Work request: For the data below, give again exactly the lines from the one containing "Thegiftnestwey1's tweet photo." through the one containing "https://t.co/CPQwdPunwO", both ends included, and no others.

Given entries:
——

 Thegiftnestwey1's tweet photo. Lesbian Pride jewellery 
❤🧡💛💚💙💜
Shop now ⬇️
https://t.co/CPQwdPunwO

——

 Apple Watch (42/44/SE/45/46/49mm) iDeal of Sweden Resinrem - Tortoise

——

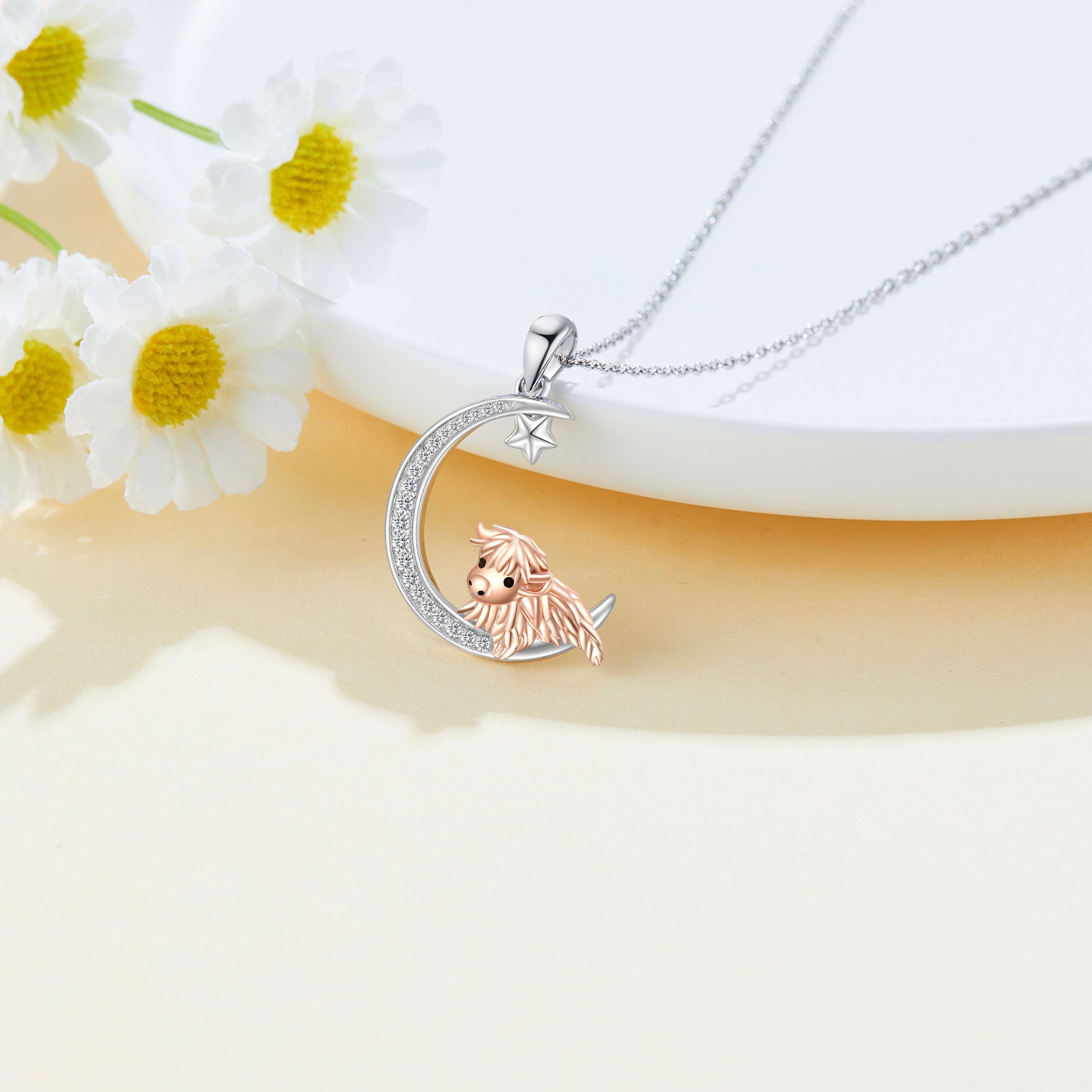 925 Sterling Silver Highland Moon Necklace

——

Result of the exercise:
 Thegiftnestwey1's tweet photo. Lesbian Pride jewellery 
❤🧡💛💚💙💜
Shop now ⬇️
https://t.co/CPQwdPunwO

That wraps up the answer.